IFAs must widen their recruitment net to grow business

This week, the International Adviser released a report highlighting issues surrounding independent financial adviser (IFA) recruitment. According to industry experts, diversity is “key to tapping into new markets and growing business,” but finding new recruits of any kind is proving problematic.

The UK has long been the primary feeder of the international financial advice market, in part due to the high number of Western expats seeking British IFAs overseas. The retail distribution review in 2013 reported that 13,500 UK-based advisers have left the industry, resulting in an estimated 16 million consumers forfeiting access to financial advice.

Finding recruits

As this deficit in advice deepens, there is a question mark over whether the UK will still be able to produce sufficient numbers of new IFAs. If they are unable to provide adequate applicants for the offshore world, the report continues that “life companies and other product providers [may] need to look at other distribution methods.”

Lewis Greene, head of recruitment for Globaleye, explains that one reason for a lack of recruits from South East Asia is because he “[does] not think the job of adviser is marketed very well”.

Rather than focusing on attaining new recruits, in SEA the emphasis is placed on retention, with businesses like Globaleye “leveraging its local reputation” in addition to “offering financial incentives to keep existing staff.”

Greene continues: “Both the UK and international advice markets offer interesting career opportunities for advisers, and whether they choose to stay or leave the UK once qualified will be a personal decision for them.”

The diversity gap

Phillip Cernik, Friends Provident International’s chief marketing officer for the UAE, says that “a lack of diversity is limiting business prospects.” This is, in part, due to “British IFAs [who] have tended to focus on their own nationality and we are getting close to a ceiling,” he said.

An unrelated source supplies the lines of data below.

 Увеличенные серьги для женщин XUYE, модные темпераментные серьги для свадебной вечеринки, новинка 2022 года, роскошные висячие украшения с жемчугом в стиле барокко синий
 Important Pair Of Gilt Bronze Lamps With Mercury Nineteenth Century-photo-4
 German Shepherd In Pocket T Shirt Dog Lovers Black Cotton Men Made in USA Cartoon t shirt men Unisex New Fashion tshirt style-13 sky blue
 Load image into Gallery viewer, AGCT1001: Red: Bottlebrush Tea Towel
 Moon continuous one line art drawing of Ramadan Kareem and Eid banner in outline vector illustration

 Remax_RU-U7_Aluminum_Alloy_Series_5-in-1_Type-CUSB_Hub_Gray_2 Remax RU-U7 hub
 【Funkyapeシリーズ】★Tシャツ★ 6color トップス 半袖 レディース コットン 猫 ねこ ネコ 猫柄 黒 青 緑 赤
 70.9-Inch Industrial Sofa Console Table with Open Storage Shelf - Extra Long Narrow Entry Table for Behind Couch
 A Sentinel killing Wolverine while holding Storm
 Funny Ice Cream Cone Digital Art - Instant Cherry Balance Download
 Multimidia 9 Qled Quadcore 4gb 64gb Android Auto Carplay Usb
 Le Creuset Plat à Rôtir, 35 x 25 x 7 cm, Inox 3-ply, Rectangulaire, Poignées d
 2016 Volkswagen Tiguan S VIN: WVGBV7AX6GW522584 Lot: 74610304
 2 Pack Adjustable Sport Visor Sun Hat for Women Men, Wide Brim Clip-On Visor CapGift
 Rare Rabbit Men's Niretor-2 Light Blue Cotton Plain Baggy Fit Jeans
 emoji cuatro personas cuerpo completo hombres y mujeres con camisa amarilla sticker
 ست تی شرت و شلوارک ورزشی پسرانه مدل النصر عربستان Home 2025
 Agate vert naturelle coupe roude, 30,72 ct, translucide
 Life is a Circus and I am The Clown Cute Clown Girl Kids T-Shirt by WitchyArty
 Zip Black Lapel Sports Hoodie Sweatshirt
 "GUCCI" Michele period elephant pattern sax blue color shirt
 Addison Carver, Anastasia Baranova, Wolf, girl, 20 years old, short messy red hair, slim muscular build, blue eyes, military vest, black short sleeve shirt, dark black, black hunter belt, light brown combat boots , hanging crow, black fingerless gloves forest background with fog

As a consequence, a huge part of the market is being overlooked. “Customers prefer to deal with their own nationality because they feel they better understand their requirements. If the advisory firms want to expand they need to recruit from a wider geographic pool to service the demographic base,” he added.

Adviser academies

As a response, FPI has established a financial adviser academy in the UAE as “a pilot project in a bid to help advisers invest in technical and investment expertise.”

“This is going to help advisers break out from their traditional ground,” he said. “The whole point of the academy is to raise professional standards so advisers are more credible, customers get better advice and it improves the general market.”

However, the FPI are not the only company to have launched such an academy. South Africa’s Carrick Wealth, deVere Group, Old Mutual and Prudential are all working towards “supporting the continuous development of advisers.”

Interestingly, companies such as FPI are also introducing graduate programmes in which graduates can transition into the financial sector from a variety of fields.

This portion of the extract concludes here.